Informationen zum Latinum:

 

Das Latinum

 

Die Zuerkennung des Latinums setzt die Fähigkeit voraus, „lateinische Originaltexte im sprachlichen Schwierigkeitsgrad inhaltlich anspruchsvollerer Stellen (bezogen auf Bereiche der politischen Rede, der Philosophie und der Historiographie) in Inhalt, Aufbau und Aussage zu erfassen“, im Wesentlichen also Texte von Cicero.
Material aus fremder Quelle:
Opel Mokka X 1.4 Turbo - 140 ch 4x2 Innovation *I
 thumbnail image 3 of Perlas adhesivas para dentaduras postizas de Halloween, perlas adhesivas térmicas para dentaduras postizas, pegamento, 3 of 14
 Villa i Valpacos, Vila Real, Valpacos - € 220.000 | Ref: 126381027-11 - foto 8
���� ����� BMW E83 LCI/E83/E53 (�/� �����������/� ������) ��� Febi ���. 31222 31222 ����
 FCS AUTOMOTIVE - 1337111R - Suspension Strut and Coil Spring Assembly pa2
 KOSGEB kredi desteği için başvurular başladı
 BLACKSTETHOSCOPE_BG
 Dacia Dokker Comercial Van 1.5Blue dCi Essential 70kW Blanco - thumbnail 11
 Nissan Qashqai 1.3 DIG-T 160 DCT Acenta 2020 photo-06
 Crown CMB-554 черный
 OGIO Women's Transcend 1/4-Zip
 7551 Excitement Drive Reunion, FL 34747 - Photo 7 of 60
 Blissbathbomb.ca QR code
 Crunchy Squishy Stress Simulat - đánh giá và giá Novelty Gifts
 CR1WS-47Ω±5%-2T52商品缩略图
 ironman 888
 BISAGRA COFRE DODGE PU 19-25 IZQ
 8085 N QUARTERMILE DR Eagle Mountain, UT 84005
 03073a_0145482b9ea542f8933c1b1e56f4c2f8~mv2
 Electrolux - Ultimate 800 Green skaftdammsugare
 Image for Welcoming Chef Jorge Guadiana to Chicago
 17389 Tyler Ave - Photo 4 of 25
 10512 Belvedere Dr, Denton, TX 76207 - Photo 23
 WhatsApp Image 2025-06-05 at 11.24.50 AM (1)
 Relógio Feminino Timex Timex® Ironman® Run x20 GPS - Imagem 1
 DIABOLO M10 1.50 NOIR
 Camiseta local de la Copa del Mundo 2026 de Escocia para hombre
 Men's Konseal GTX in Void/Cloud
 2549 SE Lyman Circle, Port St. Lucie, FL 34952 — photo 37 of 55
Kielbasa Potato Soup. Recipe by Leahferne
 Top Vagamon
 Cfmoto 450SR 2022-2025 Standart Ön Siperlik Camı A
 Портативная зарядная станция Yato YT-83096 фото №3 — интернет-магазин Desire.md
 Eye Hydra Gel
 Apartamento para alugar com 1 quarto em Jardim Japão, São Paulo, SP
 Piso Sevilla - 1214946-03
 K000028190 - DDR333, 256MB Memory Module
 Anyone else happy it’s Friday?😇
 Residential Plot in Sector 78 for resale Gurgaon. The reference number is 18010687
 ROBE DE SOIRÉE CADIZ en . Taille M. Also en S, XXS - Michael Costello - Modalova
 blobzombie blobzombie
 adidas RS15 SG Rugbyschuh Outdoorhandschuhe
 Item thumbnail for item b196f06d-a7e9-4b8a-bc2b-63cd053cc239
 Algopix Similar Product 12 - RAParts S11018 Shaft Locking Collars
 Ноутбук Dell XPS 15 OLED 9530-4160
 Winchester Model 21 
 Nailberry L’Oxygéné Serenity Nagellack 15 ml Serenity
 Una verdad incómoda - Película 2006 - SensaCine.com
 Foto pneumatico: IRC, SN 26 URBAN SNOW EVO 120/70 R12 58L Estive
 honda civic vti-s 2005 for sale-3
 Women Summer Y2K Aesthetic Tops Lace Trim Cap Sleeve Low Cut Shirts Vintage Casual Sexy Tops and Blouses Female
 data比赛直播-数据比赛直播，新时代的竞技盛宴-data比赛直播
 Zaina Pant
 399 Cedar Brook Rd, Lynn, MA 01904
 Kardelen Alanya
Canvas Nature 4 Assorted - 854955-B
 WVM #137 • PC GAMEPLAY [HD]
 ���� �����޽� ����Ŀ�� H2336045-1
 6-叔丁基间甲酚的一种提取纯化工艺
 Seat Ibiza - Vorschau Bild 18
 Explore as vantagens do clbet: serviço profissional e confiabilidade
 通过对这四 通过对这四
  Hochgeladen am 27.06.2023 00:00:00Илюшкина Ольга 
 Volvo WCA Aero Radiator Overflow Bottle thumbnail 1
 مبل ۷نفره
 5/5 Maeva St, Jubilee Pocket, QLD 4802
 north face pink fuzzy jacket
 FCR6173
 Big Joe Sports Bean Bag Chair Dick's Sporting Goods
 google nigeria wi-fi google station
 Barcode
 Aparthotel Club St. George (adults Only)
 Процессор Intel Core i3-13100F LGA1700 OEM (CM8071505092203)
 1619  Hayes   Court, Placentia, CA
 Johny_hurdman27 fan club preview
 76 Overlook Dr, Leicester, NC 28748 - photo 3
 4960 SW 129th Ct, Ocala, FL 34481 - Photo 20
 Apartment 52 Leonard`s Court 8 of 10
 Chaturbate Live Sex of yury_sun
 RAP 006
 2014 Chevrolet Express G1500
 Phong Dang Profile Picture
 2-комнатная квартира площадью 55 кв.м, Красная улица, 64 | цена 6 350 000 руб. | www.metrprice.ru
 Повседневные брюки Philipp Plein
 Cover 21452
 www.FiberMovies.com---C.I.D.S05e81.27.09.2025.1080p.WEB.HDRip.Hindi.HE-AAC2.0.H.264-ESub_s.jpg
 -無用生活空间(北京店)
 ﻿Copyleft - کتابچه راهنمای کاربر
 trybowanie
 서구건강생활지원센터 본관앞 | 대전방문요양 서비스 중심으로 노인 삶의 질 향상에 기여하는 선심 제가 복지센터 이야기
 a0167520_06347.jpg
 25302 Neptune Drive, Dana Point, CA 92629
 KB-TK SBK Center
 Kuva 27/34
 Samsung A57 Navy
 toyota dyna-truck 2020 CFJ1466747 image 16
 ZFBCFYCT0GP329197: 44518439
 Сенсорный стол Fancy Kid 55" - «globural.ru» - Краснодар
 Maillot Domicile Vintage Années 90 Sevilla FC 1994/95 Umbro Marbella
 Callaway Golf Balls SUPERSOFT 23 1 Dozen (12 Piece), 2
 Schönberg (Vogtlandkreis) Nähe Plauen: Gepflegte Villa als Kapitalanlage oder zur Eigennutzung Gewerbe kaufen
Dieses Niveau wird im Gymnasium bei Latein als erster und zweiter Fremdsprache über den Pflichtunterricht nach der Spracherwerbsphase und zwei weiteren Lektürejahren in Jahrgangsstufe 10 bei mindestens Note 4 im Jahreszeugnis erreicht und in diesem sowie im Abiturzeugnis bestätigt.

 

 

 

Das kleine Latinum

 

Die Zuerkennung gesicherter Lateinkenntnisse bzw. des Kleinen Latinums setzt die Fähigkeit voraus, „lateinische Originaltexte im sprachlichen Schwierigkeitsgrad inhaltlich einfacherer Prosatextstellen in Inhalt, Aufbau und Aussage zu erfassen“ (entsprechende antike mittelalterliche und neuzeitliche Texte, z.B. Nepos, Curtius Rufus, Vulgata). Dieses Niveau wird im Gymnasium bei Latein als erster und zweiter Fremdsprache über den Pflichtunterricht nach der Spracherwerbsphase und einem weiteren Lektürejahr in Jahrgangsstufe 9 bei mindestens Note 4 im Jahreszeugnis erreicht und in diesem sowie im Abiturzeugnis als „Kleines Latinum“ bestätigt.

 

 

 

Lateinkenntnisse

 

Die Zuerkennung von Lateinkenntnissen setzt die Fähigkeit voraus, Texte, wie sie üblicherweise am Ende der Spracherwerbsphase in den vom Staatsministerium genehmigten Lehrbüchern zu finden sind, in Inhalt, Aufbau und Aussage zu erfassen. Dieses Niveau wird im Gymnasium bei Latein als erster und zweiter Fremdsprache in Jahrgangsstufe 8 bei mindestens Note 4 im Jahreszeugnis erreicht.

 

Ein „praktischer“ Vorteil: das Latinum ist immer noch Prüfungs- und Studienvoraussetzung für viele Studiengänge und Abschlüsse an den Universitäten.